Google's drive for innovation is extending to the road. The company has been testing automated, self-driving automobiles, and the cars, six Toyota Priuses and an Audi TT, have logged a total of 140,000 miles.
The cars have even driven down Lombard Street in San Francisco, the "crookedest street in America." Google's blog post
on the new technology:
So we have developed technology for cars that can drive themselves. Our automated cars, manned by trained operators, just drove from our Mountain View campus to our Santa Monica office and on to Hollywood Boulevard. They’ve driven down Lombard Street, crossed the Golden Gate bridge, navigated the Pacific Coast Highway, and even made it all the way around Lake Tahoe. All in all, our self-driving cars have logged over 140,000 miles. We think this is a first in robotics research.
The automated cars use video cameras, radar sensors and a laser range finder to “see” traffic, as well as detailed maps (where do you think that might come from?) to navigate. The key, however, is Google's data centers:
This is all made possible by Google’s data centers, which can process the enormous amounts of information gathered by our cars when mapping their terrain.
Wonder what might happen if somehow the cars might lose connectivity to the data centers? The Internet is hardly infallible. Well, each car is "driven" by a software engineer in the passenger seat, as well as a human being sitting in the driver's seat, ready to take over in the event of a "bug."

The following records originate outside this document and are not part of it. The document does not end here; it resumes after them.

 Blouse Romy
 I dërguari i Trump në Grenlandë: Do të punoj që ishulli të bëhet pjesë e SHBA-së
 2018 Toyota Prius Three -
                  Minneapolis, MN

The cars are even smart enough to handle city traffic, right down to stop signs and traffic signals. The New York Times has more
The car then drove in city traffic through Mountain View, stopping for lights and stop signs, as well as making announcements like “approaching a crosswalk” (to warn the human at the wheel) or “turn ahead” in a pleasant female voice. This same pleasant voice would, engineers said, alert the driver if a master control system detected anything amiss with the various sensors.
Through all the testing, there's been one accident. That, however, was the result of a Prius being rear-ended at a stop light. There are, of course, two interesting questions. In the event of an accident where the automated car causes the incident, who is truly at fault for insurance purposes? The driver (or rather, passenger) of the car, or the writer of the software?

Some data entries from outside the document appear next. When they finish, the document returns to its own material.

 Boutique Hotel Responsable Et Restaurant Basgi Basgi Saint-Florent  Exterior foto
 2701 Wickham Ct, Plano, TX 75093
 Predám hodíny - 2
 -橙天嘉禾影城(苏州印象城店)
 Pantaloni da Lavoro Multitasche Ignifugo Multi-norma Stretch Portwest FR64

Bernard Lu, senior staff counsel for the California Department of Motor Vehicles said,
“The technology is ahead of the law in many areas. If you look at the vehicle code, there are dozens of laws pertaining to the driver of a vehicle, and they all presume to have a human being operating the vehicle.”

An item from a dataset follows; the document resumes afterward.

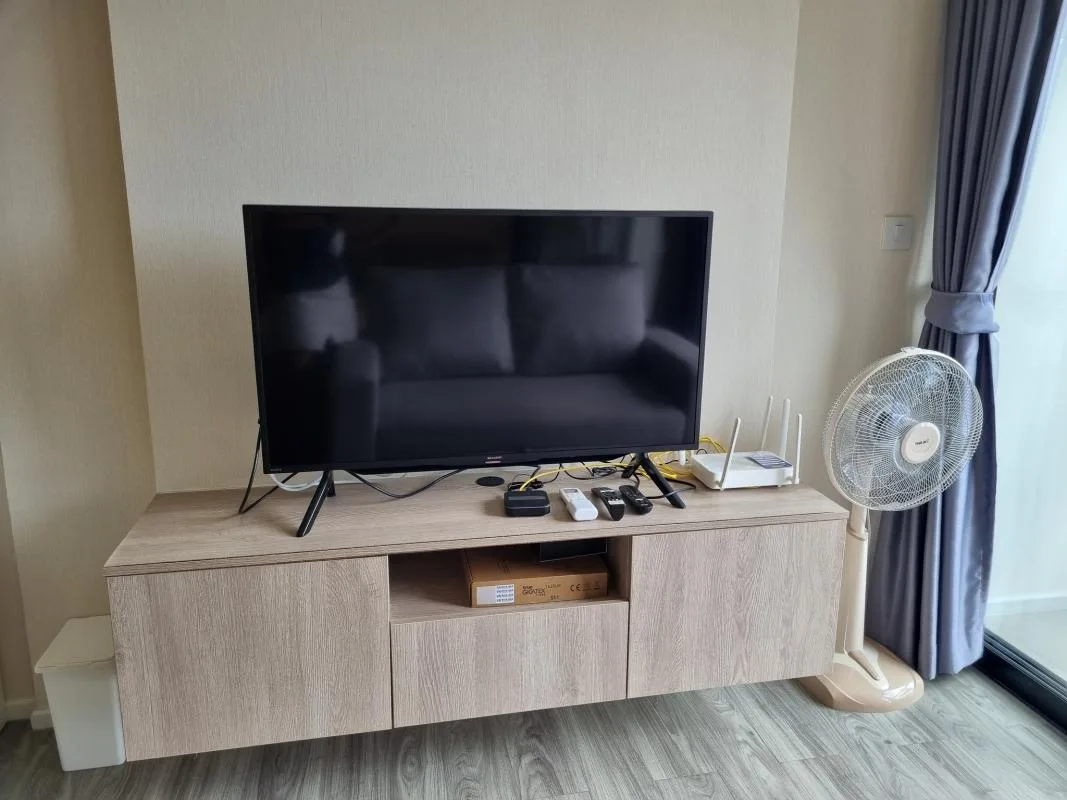 Property photos for Ikon Sukhumvit 77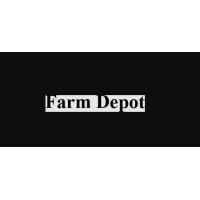 Farm Depot (Schoolcraft) Logo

We presume that by the time such technology comes to the market, this problem would be ironed out. However, the other question is: what does Google stand to gain from this? While the company cite accident prevention in its blog post, we doubt this is totally altruistic. The answer that comes to mind immediately is one based on Google's main focus: the Internet.
Many are concerned over the amount of distractions that face drivers nowadays, of their own choice, of course. That includes not just text messaging, but automakers who are starting to put wi-fi hotspots into cars. One can only imagine what types of distractions might exist when this technology comes to consumers. After all, the NYT says, “Even the most optimistic predictions put the deployment of the technology more than eight years away.”